PROGRAMMED Maintenance Services has reduced its earnings expectations for the 2015-2016 financial year by about 10 per cent to about $65 million on the back of the slump in oil and gas prices.
Programmed also flagged a $75 million non-cash impairment to the goodwill of its marine services business, both in view of reduced demand and its sale of vessels operated by Broadsword Marine in January.
“The eventual charge will depend on final discount rates and forecasts following completion of the company’s 2015-2016 results,” the group said in an announcement.
In a business update released in early February, Programmed said the earnings before interest, tax and amortisation of its marine division, which included the marine businesses of the recently-acquired Skilled Group, was forecast to be about $16 million.
“Following completion of the major offshore construction projects that the marine business has serviced in the past few years, significant working capital will be recovered by 31 March 2016,” Programmed said – noting the date which signifies the end of its financial year.
“The business is being downsized to suit expected less activity during the next 12 months arising from the steep decline in oil and gas prices.”
Programmed’s staffing division, which combines the workforce arms of both Programmed and Skilled, had generated revenue in line with the previous year, with the exception of Swan Personnel, which provides engineering and technical personnel to the resources industry.
Announcing a reduction in revenue from $175 million to about $90 million in 2015-2016, Programmed said Swan had been repositioned as the WA arm of the Programmed Professionals business, extending its focus further into industries such as retail, tourism and infrastructure.

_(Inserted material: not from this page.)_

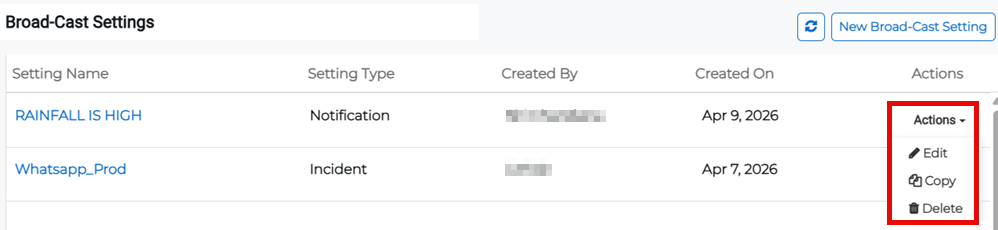 Broadcast Settings page showing Actions menu with edit option.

Programmed managing director Chris Sutherland said the acquisition of Skilled Group was bringing new opportunities to the company.
“We are taking action to lower costs in those parts of our business exposed to the oil and gas sector and to position the group to secure additional staffing and maintenance contracts from infrastructure, manufacturing, industrial and other non-resources companies,” he said.
The news preceded reports of a series of redundancies at the group, some of which were reportedly due to duplication of roles following the merger.
Forecast cost savings from the merger of about $30 million were expected to be realised for the financial year, with Mr Sutherland saying divisional management teams were operating successfully.
“In this environment, the benefits of combining both organisations and realising cost savings are particularly important, while the company delivers its long term strategy to develop a larger scale, more efficient, leading provider of staffing, maintenance and facility management services serving all sectors of the economy,” he said.